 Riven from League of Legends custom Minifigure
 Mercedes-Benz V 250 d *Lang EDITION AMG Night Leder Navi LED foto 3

= = = = =

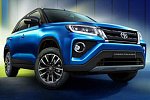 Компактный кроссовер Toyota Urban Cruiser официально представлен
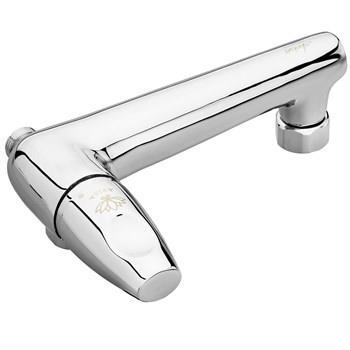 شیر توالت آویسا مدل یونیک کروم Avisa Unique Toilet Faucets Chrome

= = = = =

Within the listing above, write out the stretch from the line with "Компактный кроссовер Toyota" through the line with "شیر توالت آویسا" exactly. Any pictures are to be left out.

- **Task response**
 Компактный кроссовер Toyota Urban Cruiser официально представлен
 شیر توالت آویسا مدل یونیک کروم Avisa Unique Toilet Faucets Chrome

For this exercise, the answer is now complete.